Double kill: The classic strategy of the dealer
In this wave of market activity, the dealer's 'double kill' strategy was executed flawlessly. Data shows that if Ethereum breaks above $4900, the cumulative short liquidation intensity on major trading platforms will reach $544 million; conversely, if Ethereum falls below $4500, the cumulative long liquidation intensity will reach $2.512 billion. The dealer used this to first push the price up to $4957 in the early hours yesterday, instantly liquidating a large number of shorts and causing heavy losses for the bears. Then the price fell back to $4520, attracting a large number of bulls to buy the dip. Just when the bulls thought the opportunity had come and rushed in, the price bounced to $4690 before plummeting again, hitting a low of $4330 this morning, liquidating a large number of long positions. This kind of operation is akin to a skilled magician, creating false breakouts to entice traders, then executing reverse operations to profit from both sides. Just like a certain altcoin, the dealer first raised the price to attract retail investors to follow suit, then suddenly sold off, causing the price to crash and trapping retail investors at a high.
Market risks and opportunities coexist
In my opinion, the cryptocurrency market is a place filled with opportunities and risks. Although Ethereum's recent market has caused heavy losses for many, it also reminds us not to blindly follow the crowd in this market and to have our own judgment and analysis.

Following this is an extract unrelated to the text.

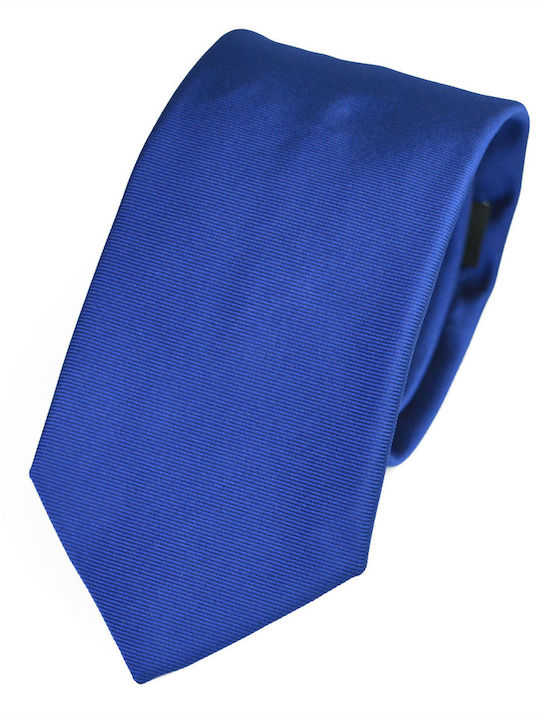 Sol Herren Krawatte Seide Monochrom in Blau Farbe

As Buffett said, 'I am fearful when others are greedy, and greedy when others are fearful.' When the market is euphoric, we must remain calm and vigilant against risks; when the market is sluggish, we must also see the opportunities within. Of course, this doesn't mean we should blindly go against the trend, but rather make reasonable decisions based on a thorough understanding of market conditions and technical indicators.

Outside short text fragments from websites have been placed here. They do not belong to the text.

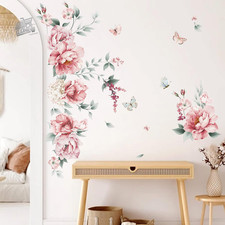 Wall Stickers Peony Flowers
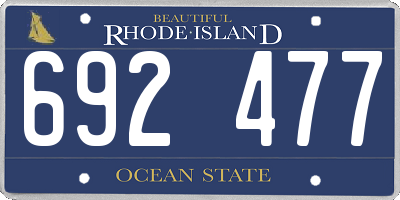 RI license plate 692477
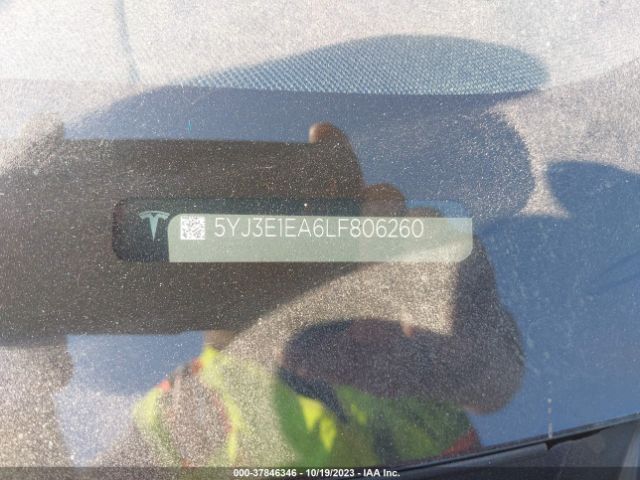 5YJ3E1EA6LF806260 Tesla Model 3 Standard Range
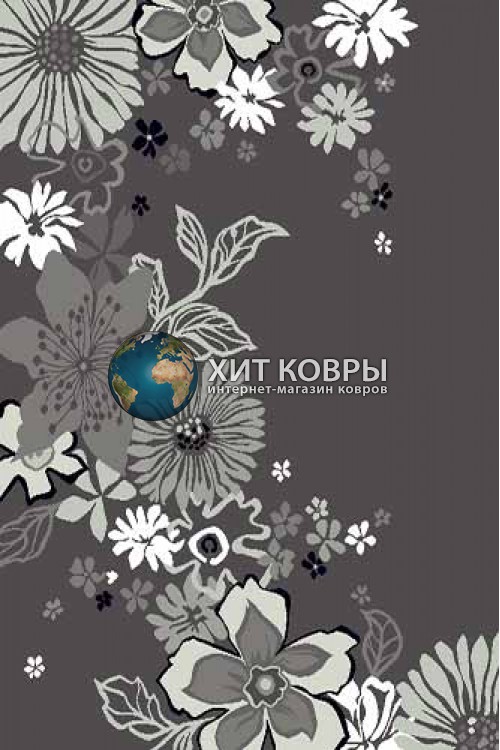 Российский ковер прямоугольный серебро d116 d
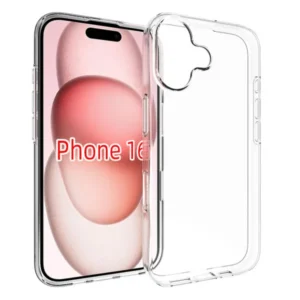 iPhone 16 hátlap, vékony TPU szilikon, Átlátszó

Today's strategy: Key positions and risk control points
According to the current technical analysis, today's trend needs to focus on whether the key level of 4420 can hold. If the hourly chart can stay above this level, we can consider taking a rebound. Aggressive traders can go short with a small position at the current price, but must set a stop-loss at 4480, aiming for around 4200. Cautious traders are advised to wait for the hourly close before deciding on the entry direction. From a larger timeframe, as long as ETH's weekly close price holds above $4600, it may further rise to between $5200 and $5500. The mid-term support is around $4100, and if a downward spike occurs, it may rise again thereafter.
Ethereum is currently at a critical decision point around the price of 4430. The resistance is formed in the 4480 - 4500 range above, while the support is provided in the 4200 - 4150 range below. The market is still digesting recent gains, and short-term volatility remains high. Traders must strictly control their position size, set stop-losses, and avoid becoming victims of the next liquidation wave. After all, in this brutal market, surviving is more important than making money.